А на юге все погромыхивает, и уже чуть-чуть на запад продвигается канонада. Значит, не шутил тогда генерал Ватутин! Эх, не хватает только, чтобы появилась вблизи кавалерия. Тогда совсем пропали. Ну куда мы с этим воловьим базаром и скоростью два три километра в час? Нет, нет! Хватит прощаний и слез. Надо давать команду...
Ну, друзяки мои дорогие, давайте прощаться, сказал Павловский и, шагнув вперед, крепко обнял меня, начштаба, а затем своего преемника Федчука.
«Нет, эту пуповину рвать куда труднее. Не короткой ночью на сеновале или на печи срасталась она. На льду Князь-озера, в припятском мокром мешке и на вершинах Карпат крепла боевая дружба».
Ша-а-гом ма-арш, Васыль, сказал я, обращаясь к начштаба.
И только перекинул ногу через седло, как Митька Гаврилов из комендантского взвода выпустил вверх длинную очередь из автомата.
Салют, товарищи командиры, салют! лихо закричал он.
«Ох уж эти мне штабные лоботрясы! Всюду они одинаковы... Хорошо еще, что удержался в седле на шарахнувшейся лошади. Не предупредил, черт!..» Хмурюсь, [63] а в груди какое-то тревожное ликование. В поход, в поход... Эх, еще бы недельку подготовки, да пушчонок полную батарейку, да спаренных зенитных пулеметов... Вперед, на запад, вперед!
А вокруг сияющие глаза и настороженные лица. В голове колонны зарождается шорох. Минута, другая и шорох вырастает в шум. Движение тысяч ног и сотен колес.
Как говор горного ручья, отмечает комбат-пять Платон Воронько.
Ох, и нэ згадуй мэни про та Карпаты, перебивает его комбат-два Кульбака.
Не нравится?

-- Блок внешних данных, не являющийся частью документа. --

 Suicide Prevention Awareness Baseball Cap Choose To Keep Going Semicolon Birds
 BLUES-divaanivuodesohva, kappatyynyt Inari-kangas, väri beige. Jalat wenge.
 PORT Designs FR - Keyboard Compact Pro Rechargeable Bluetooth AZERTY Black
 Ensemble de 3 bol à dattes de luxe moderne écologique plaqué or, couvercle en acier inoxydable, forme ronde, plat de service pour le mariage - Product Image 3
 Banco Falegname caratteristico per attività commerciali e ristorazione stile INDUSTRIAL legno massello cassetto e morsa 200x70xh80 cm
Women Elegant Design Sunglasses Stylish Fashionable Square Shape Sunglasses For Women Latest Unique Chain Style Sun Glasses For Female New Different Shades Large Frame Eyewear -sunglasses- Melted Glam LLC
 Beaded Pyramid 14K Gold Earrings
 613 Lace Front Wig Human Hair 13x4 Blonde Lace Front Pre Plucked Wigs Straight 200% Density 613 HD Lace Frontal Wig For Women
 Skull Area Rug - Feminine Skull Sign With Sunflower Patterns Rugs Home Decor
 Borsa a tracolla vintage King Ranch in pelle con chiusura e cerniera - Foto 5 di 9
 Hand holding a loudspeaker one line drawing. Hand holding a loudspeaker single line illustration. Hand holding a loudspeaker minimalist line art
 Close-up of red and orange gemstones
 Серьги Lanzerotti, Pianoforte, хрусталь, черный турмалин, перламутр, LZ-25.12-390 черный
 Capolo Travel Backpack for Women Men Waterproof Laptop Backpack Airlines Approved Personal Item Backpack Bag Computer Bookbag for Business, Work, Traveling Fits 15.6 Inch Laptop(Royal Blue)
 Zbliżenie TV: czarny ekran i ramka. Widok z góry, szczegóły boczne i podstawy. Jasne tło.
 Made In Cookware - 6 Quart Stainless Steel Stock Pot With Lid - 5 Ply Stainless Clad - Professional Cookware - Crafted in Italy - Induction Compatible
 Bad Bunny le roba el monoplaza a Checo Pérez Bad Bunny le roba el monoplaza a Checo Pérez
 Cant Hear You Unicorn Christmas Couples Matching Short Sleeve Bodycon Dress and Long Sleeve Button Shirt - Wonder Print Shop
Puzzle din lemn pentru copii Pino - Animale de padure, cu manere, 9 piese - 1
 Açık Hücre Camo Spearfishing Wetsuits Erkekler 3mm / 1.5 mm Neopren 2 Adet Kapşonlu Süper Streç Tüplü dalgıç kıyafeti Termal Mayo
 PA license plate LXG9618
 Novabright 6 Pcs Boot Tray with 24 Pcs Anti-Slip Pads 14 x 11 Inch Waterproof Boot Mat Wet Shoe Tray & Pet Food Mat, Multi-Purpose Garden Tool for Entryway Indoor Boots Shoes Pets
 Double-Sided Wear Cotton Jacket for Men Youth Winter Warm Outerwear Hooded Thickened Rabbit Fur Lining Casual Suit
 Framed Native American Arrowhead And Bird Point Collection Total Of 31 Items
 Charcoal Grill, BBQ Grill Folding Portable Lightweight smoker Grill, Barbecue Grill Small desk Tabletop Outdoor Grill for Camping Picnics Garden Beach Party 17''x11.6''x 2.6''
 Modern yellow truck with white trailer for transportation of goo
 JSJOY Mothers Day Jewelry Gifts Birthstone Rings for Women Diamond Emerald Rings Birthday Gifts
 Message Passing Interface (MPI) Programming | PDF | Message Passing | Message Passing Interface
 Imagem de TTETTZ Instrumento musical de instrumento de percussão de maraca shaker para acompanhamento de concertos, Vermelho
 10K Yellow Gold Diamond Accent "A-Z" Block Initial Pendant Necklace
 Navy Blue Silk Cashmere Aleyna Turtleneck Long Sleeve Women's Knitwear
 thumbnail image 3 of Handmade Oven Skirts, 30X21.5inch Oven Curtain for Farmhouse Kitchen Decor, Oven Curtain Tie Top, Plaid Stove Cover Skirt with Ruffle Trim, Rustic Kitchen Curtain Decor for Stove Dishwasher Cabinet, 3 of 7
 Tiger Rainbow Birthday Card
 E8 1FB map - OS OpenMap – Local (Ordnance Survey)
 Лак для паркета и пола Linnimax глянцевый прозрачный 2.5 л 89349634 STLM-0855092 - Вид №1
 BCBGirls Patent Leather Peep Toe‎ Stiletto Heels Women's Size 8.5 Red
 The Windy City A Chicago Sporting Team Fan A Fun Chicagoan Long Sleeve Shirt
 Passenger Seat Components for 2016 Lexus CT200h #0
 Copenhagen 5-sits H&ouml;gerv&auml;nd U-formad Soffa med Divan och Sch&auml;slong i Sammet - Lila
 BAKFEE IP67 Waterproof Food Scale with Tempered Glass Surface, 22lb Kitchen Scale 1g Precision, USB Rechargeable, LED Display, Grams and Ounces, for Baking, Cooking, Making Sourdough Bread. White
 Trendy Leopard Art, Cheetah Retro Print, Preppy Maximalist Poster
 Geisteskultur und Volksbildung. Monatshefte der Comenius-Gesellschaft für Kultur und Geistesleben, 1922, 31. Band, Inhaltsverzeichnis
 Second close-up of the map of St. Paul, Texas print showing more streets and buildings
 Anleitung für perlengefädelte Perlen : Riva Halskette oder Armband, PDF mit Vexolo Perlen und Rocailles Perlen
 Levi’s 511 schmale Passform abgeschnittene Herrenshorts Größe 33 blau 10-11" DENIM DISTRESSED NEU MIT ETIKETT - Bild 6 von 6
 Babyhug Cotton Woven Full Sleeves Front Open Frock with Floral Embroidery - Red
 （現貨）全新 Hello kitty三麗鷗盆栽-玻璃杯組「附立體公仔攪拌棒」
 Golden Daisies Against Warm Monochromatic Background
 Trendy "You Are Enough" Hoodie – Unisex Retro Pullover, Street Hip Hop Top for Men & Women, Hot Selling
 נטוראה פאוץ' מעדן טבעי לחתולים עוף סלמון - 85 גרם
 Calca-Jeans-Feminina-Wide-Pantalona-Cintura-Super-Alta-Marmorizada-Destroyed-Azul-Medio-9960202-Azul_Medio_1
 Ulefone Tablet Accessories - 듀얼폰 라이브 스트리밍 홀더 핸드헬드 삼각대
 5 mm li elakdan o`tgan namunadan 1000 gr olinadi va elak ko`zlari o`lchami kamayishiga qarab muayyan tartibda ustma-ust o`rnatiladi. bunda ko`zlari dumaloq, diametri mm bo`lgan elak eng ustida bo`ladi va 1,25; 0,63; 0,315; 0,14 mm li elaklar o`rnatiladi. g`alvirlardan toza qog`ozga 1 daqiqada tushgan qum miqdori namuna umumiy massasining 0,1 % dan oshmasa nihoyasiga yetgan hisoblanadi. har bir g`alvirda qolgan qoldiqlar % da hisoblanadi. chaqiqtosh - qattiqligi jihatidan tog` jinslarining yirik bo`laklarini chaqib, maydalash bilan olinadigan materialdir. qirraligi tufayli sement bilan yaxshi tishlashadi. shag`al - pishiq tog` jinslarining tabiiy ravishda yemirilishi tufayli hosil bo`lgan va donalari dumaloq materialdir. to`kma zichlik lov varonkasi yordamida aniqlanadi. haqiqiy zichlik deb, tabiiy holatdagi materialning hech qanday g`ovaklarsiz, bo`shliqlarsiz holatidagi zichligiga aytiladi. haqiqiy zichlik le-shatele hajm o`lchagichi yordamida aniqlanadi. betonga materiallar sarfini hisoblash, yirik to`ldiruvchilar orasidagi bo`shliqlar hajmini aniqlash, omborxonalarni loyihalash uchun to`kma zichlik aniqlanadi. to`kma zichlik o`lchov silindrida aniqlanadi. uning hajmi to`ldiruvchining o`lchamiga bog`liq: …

А на Западе, в Европе, есть горы и повыше, смеется Петя Брайко. Хочешь, карту покажу? Полюбуйся, Петро Леонтьевич!
И заливается веселым смехом, а Кульбака чертыхается.
«Все комбаты здесь. Ну что ж, хорошо. Вперед!» И я пускаю застоявшегося коня рысью, обгоняя обоз и пехоту, как это любил частенько делать на марше наш незабываемый комиссар...
Покрикивания обозных, говор, смех... Еще минута и над вытянувшейся за селом колонной взмыла и понеслась над Полесьем звонкая партизанская песня.